▶
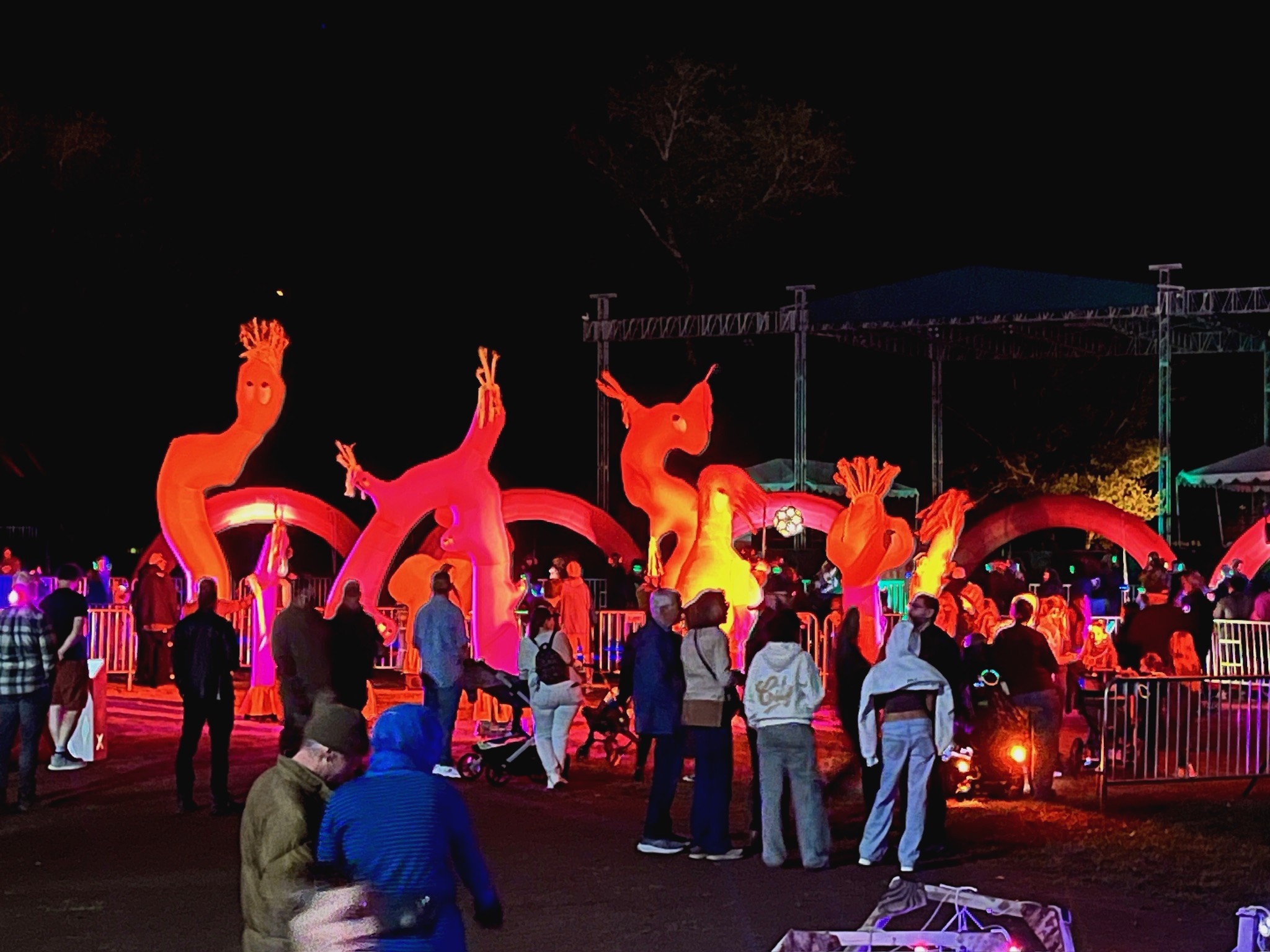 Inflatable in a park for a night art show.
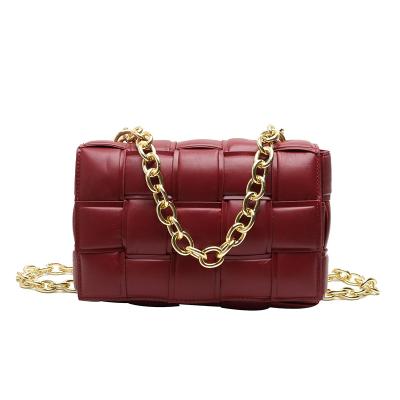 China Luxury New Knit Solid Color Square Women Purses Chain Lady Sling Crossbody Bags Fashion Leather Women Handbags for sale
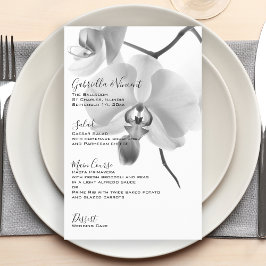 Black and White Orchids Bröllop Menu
◀
## [Task objective]
Copy the listing above verbatim; the pictures it contains are to stay out.

## [Written solution]
 Inflatable in a park for a night art show.
 China Luxury New Knit Solid Color Square Women Purses Chain Lady Sling Crossbody Bags Fashion Leather Women Handbags for sale
 Black and White Orchids Bröllop Menu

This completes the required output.